Dataset entries »
____________________
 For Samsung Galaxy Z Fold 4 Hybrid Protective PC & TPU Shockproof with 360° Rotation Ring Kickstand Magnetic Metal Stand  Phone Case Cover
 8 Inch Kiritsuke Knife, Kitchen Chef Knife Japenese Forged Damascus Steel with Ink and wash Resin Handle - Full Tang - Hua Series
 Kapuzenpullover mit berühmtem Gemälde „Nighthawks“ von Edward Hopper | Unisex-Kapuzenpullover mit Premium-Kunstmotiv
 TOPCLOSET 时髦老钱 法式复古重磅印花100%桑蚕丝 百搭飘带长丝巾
____________________
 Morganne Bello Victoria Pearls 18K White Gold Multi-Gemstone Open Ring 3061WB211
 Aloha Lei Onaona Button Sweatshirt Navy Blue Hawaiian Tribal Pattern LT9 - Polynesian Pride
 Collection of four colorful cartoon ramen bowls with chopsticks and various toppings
____________________
Description of the task » Repeat the entries above verbatim, but only from the line that has "For Samsung Galaxy" down to the line that has "TOPCLOSET 时髦老钱 法式复古重磅印花100%桑蚕丝 百搭飘带长丝巾", inclusive.

Reply »
 For Samsung Galaxy Z Fold 4 Hybrid Protective PC & TPU Shockproof with 360° Rotation Ring Kickstand Magnetic Metal Stand  Phone Case Cover
 8 Inch Kiritsuke Knife, Kitchen Chef Knife Japenese Forged Damascus Steel with Ink and wash Resin Handle - Full Tang - Hua Series
 Kapuzenpullover mit berühmtem Gemälde „Nighthawks“ von Edward Hopper | Unisex-Kapuzenpullover mit Premium-Kunstmotiv
 TOPCLOSET 时髦老钱 法式复古重磅印花100%桑蚕丝 百搭飘带长丝巾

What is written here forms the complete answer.